Crónicas de un muchacho tristón
Una silla de tapizado rojo, una guitarra acústica y un par de micrófonos, el convencional y un segundo para los efectos de voces. El hombre de la camisa a cuadros no precisa de mucho más equipaje para acaparar el escenario, impregnarlo todo de una embaucadora tristeza y embobar, una vez más, a un público que en muchos casos ya le había visto pero sigue adorándolo. El trovador anda por los 38 años, barrunta la crisis de la mediana edad y ha llegado desde Seattle para hacernos partícipes de sus desvelos. Aunque escuezan.
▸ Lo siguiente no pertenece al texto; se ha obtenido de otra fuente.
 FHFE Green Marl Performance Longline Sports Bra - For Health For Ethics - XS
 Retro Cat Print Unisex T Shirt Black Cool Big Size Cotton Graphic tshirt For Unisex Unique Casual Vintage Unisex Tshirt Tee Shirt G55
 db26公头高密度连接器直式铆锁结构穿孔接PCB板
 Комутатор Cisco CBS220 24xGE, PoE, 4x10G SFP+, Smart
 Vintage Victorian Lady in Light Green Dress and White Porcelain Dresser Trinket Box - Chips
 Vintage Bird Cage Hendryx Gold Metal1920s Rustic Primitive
Las visitas de Damien Jurado comienzan a adquirir rango de acontecimiento. La de anoche constituía, desde luego, una de las escalas más esperadas en estos Conciertos Sublimes del Teatro Lara, un ciclo de actuaciones bautizado con saludable e inequívoca ironía pop. Aunque siempre quedará la posibilidad de que para la próxima temporada los denominen Conciertos Insomnes, si tenemos en cuenta que apenas faltaba un cuarto de hora para la medianoche cuando el señor Jurado tuvo a bien rasguear el primero de sus acordes.
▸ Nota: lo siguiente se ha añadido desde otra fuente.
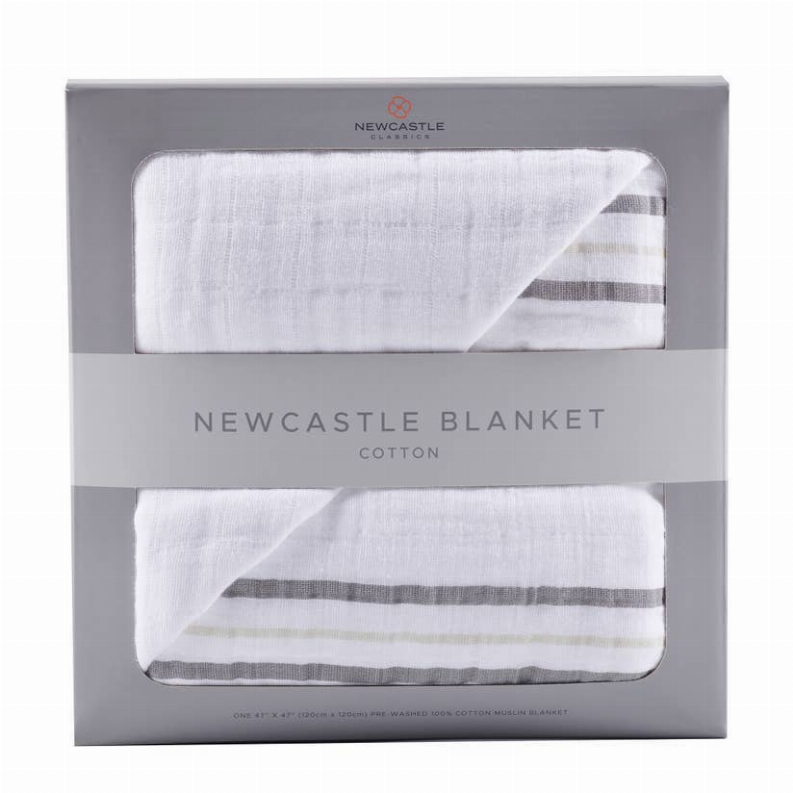 Cotton baby blanket in box, light gray with striped fabric layers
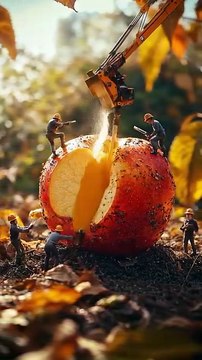Little People - Harvesting Fruits🍎 Pt.3__Ever wondered what it takes to harvest giant fruits_ Watch as little workers use epic machines and tools to slic(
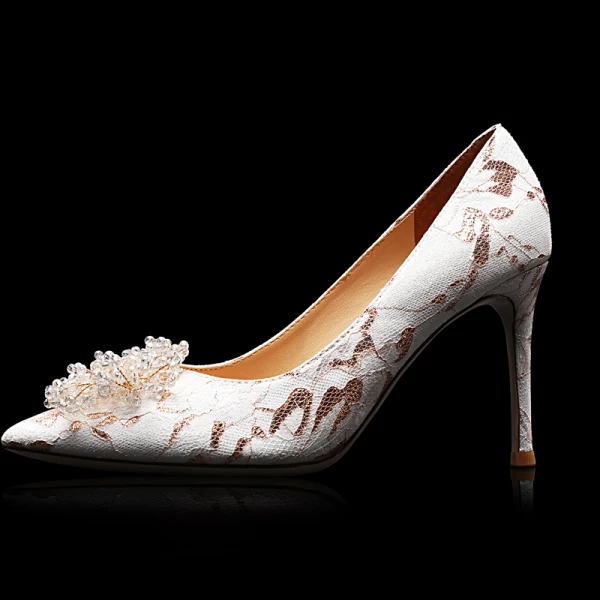 Charmig Elfenben Afton Beading Brudskor 2021 Läder 9 cm Stilettklackar Spetsiga Pumps Högklackade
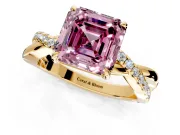 Crossover Engagement Ring Setting for Fancy Pink Asscher Cut Center with Pave and Plain Strands and Prong Head in Yellow Gold
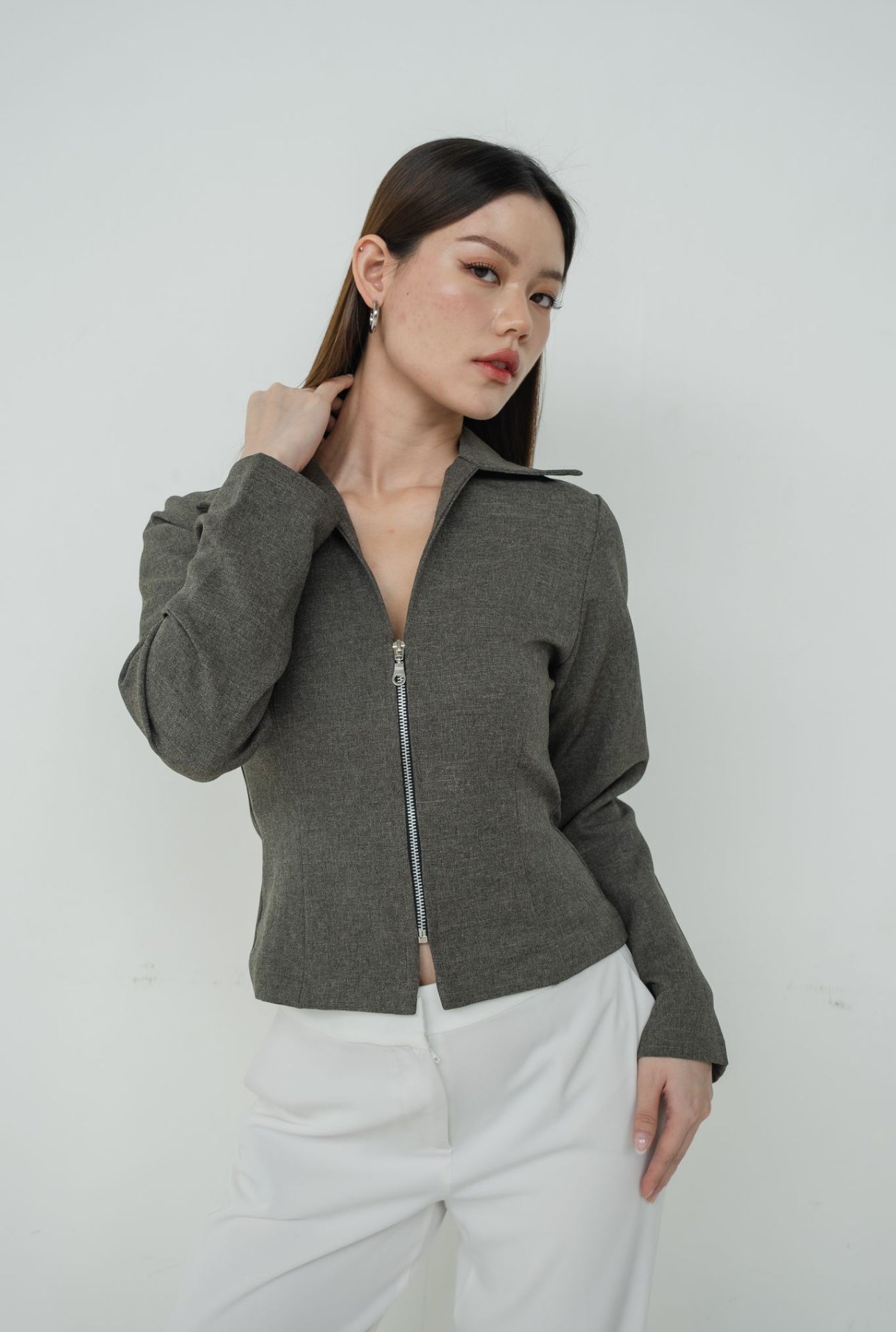 Zora Fitted Blazer | Grey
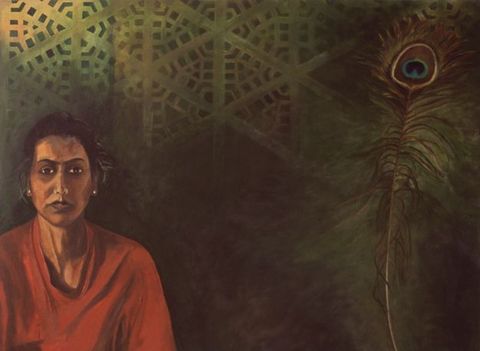 Painting. A dark-skinned woman looks out at us with black eyes from our left of this horizontal composition. A peacock feather, large in scale, rises as her counterpart on the right half. The background is geometrically patterned with a pierced screen or wallpaper across the top before fading into a murky brown across the bottom.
El trovador anda por los 38 años y barrunta la crisis de la mediana edad
El tiempo, esa fruslería. Con Damien Jurado conviene olvidarse de las premuras, los trajines y el fragor que produce la batalla cotidiana. Mejor entornar los ojos (como hace él) y dejarse llevar por un cancionero que, sin ser pegadizo, termina enamorando a golpe de sinceridad y desolación. Jurado no sabe de estribillos, pero sí de emociones. Y parece siempre inmerso en un viaje por caminos polvorientos e improbables en los que encontrar un destino específico adquiere la condición de entelequia.
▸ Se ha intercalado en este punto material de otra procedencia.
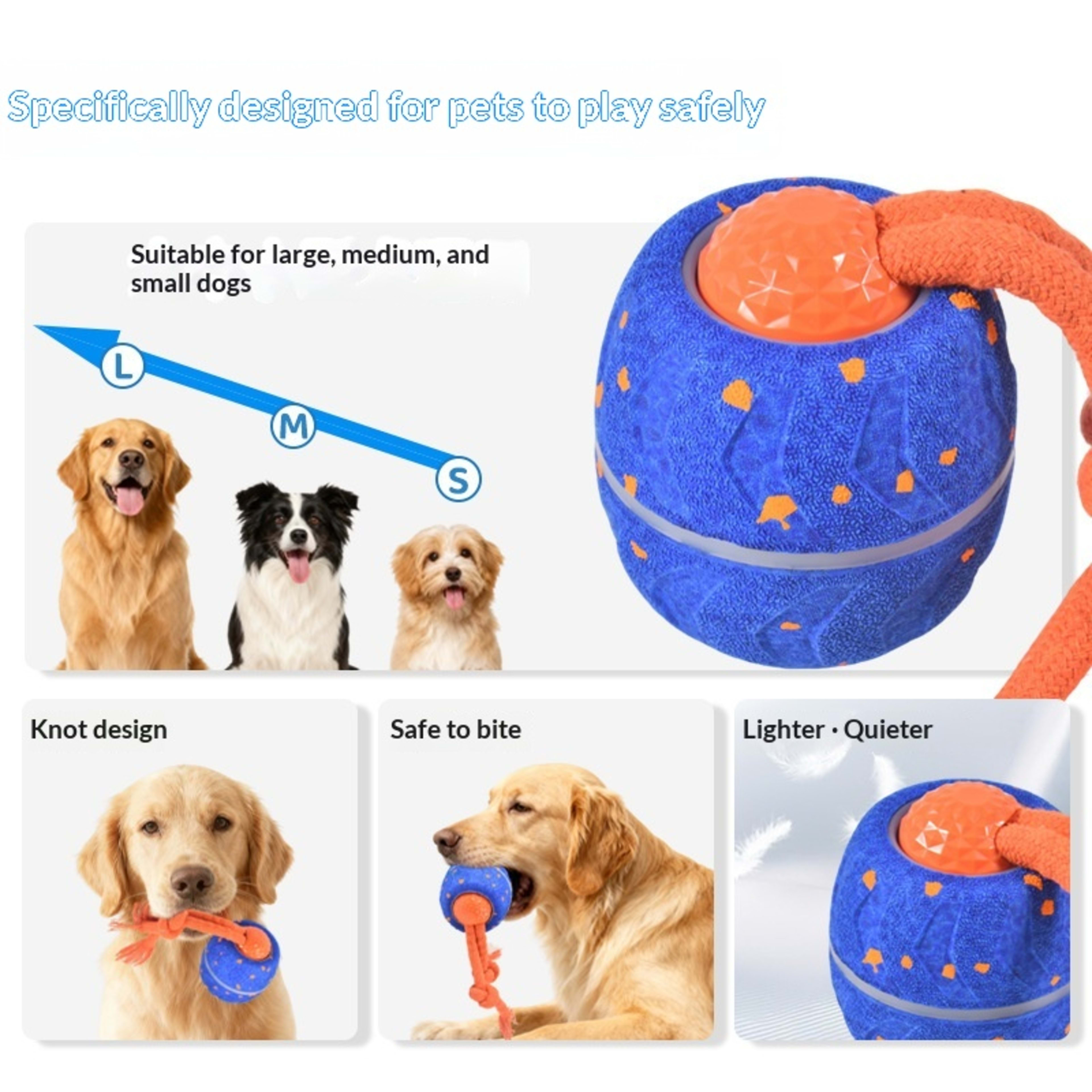 Pet Electric Smart Rolling Ball Sound-Playing Spinning Teething Toy Ball 6
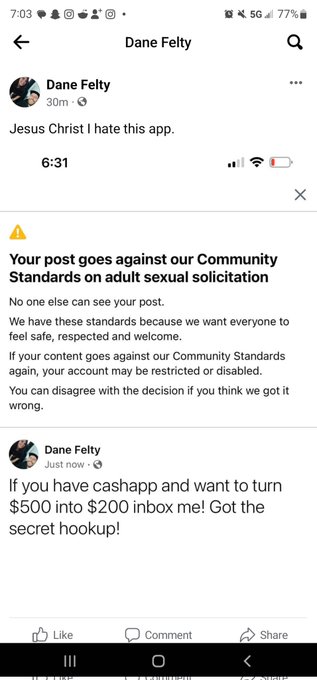 Fuck you @facebook you permanently banned my bf over a joke! And how is labeled as adult sexual?!? Get<a class="tags" href="/tag/facebook">@facebook</a><a href="/tag/facebook"class="tags"><span>#facebook</span></a><a href="/tag/stupidity"class="tags"><span>#stupidity</span></a><a href="/tag/takeajoke"class="tags"><span>#takeajoke</span></a>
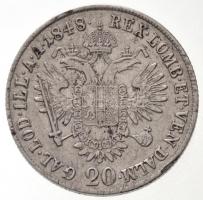 1848E 20kr Ag "V. Ferdinánd" (6,56g) T:2 kis ph.
Huszár: 2084.; Unger III.: 1421.b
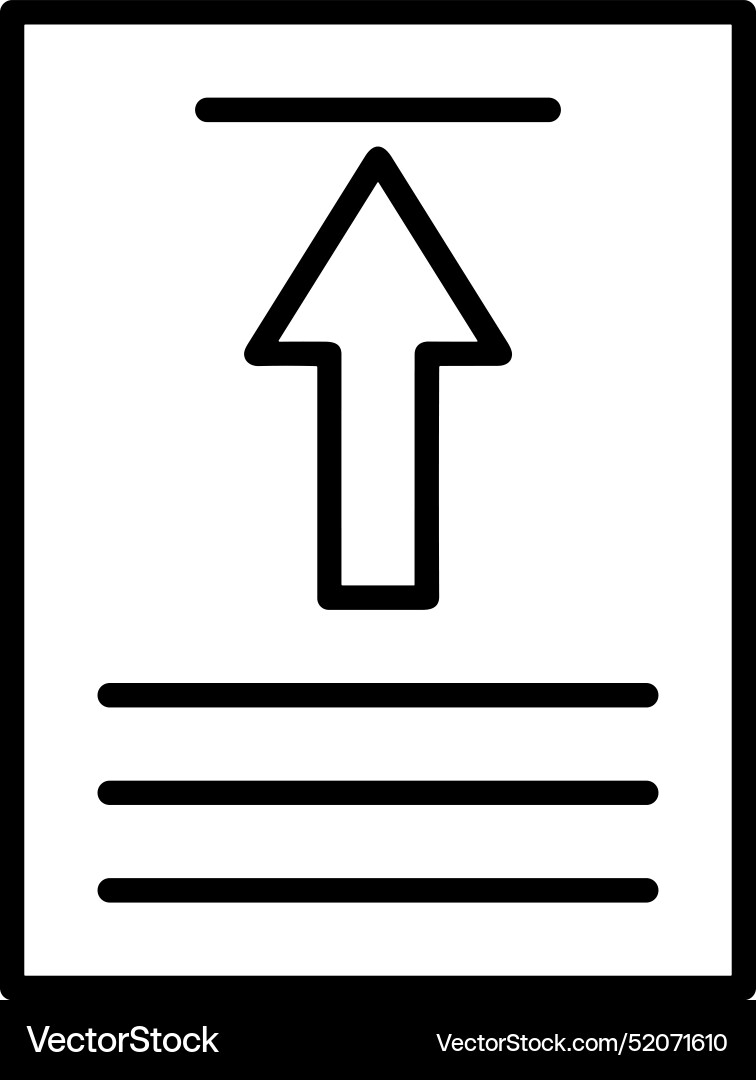 Upload outline icon symbol image Upload outline icon symbol image Vector Image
El año pasado andaba arrastrando los estragos del desamor, y se revolvió frente a tanta amargura con un trabajo descarnado pero extrañamente animoso, Caught in the trees. Para esta temporada nuestro prolífico cantautor regresa a los cuarteles de invierno con un álbum, el noveno, que quintaesencia la fragilidad, el frío aliento de un lobo solitario y el minimalismo de quien siempre prefirió el blanco y negro al despilfarro cromático. Lleva por título Saint barlett y anoche, mientras lo desgranaba, la imaginación nos acercó hasta aquel Neil Young que a principios de los 70, sin más armas que media docena de cuerdas y un puñado de versos emocionantísimos, pulía el cancionero que acabaría convirtiéndose en After the gold rush.
Damien habla poco, pero no renuncia a la ironía. Presentó Arkansas como "la única pieza animada que escucharán esta noche, aunque, la verdad, la letra es muy poco feliz". Con anterioridad ya le había dedicado un tema a Delta Airlines por los malos tratos que inflige a su guitarra durante los desplazamientos. Se le escapan unas lágrimas hablando de su hijo, de diez años, mientras presenta I'm still here.
Antes de todo esto había abierto boca Dani, la cuarta parte de Le Traste, una banda torturada hasta en la expresión corporal: el cantante coloca el micrófono muy bajo y se obliga a actuar encorvado, como si estuviera en un permanente escorzo dolorido. Canta en inglés (que es, para qué insistir, un vicio muy extendido) y mastica las sílabas, las estira y vocea con un pathos no muy alejado del de Eddie Vedder. Lo cual no está nada mal, claro, y le concede un encanto indudable a piezas originales como Until life goes on.